BVHS: Financial injection needed
The economic downturn has affected the Barbados Vagrants and Homeless Society (BVHS) and the charity is appealing for financial assistance to keep its programme going.
Chairman of the BVHS Kemar Saffrey said the charity needed a financial injection to carry on with its programme, given the ongoing economic downturn and the fact that it had been running without Government assistance for some time.
Saffrey said it would take $700,000 to keep the BVHS’ programmes running. The organization has provided services to over 750 vagrants, homeless and needy people in Barbados since its inception in 2009 and the chairman said it was now seeking funding to expand a number of its programmes.
He has appealed to individuals and commercial businesses for help.
“We are appealing to the public to give what they can to assist the organization. Barbadians have been extremely generous in their giving, in offering food and clothing, but we are in need of funding now to continue these programmes. Both businesses and individuals can feel free to give what they can to the BVHS,” Saffrey said.
He also encouraged commercial businesses to join the BVHS’ Covenant Programme under which organizations donate $100 per month for a year.The donations will ultimately aid in achieving the organization’s mission “to reintegrate vagrants and homeless persons into mainstream Barbadian society, by providing a holistic rehabilitative programme that would enable them to develop into healthy productive citizens”, a statement from the BVHS said.
The organization said it is on target with its mission, as it has successfully reintegrated 78 per cent of participants in its At The Crossroad home care rehabilitative programme.

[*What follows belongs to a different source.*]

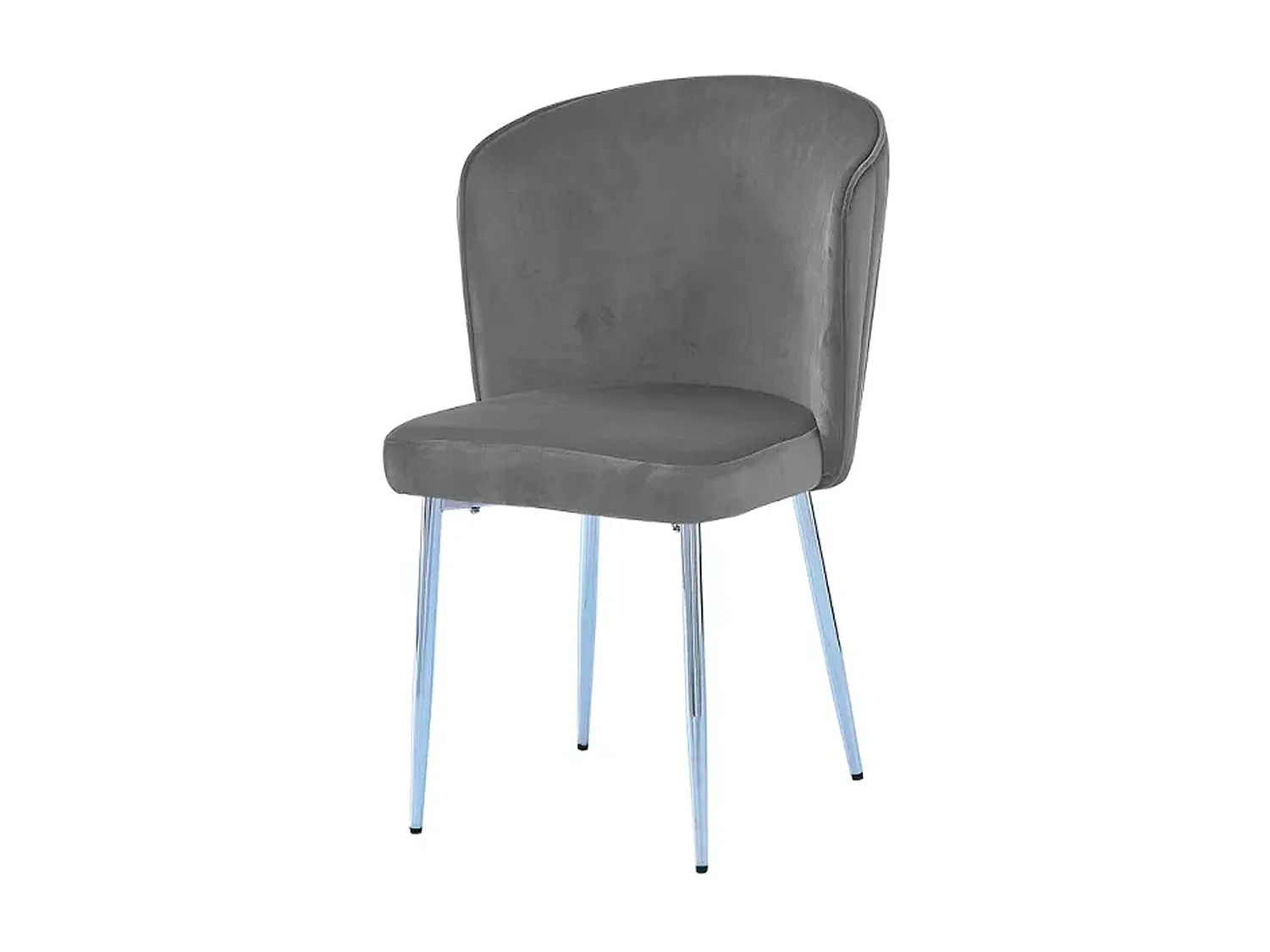 Lot de 4 chaises moderne DIANA chrome velours - Anthracite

BVHS also manages Direct Care Ministries, On the Road Ministries, Life Opportunity Superseding Tomorrow, Adopt the Homeless, a Community Partnership for Homelessness, BVHS’ 24-hour night shelter, a Meal a Day project and a daily breakfast programme. Those programmes provide clients with food hampers, classes, clothing, access to counselling, hair-cuts, temporary shelter, jobs, farming skills, skill training and beneficial rehabilitative home care housing, life skills and much more.
The BVHS has already received the necessary approval to operate a 24-hour shelter for the homeless and funds donated by the public will also assist with that initiative, which will benefit approximately 30 needy individuals per night on a rotation basis, out of the approximately 240 clients of the BVHS.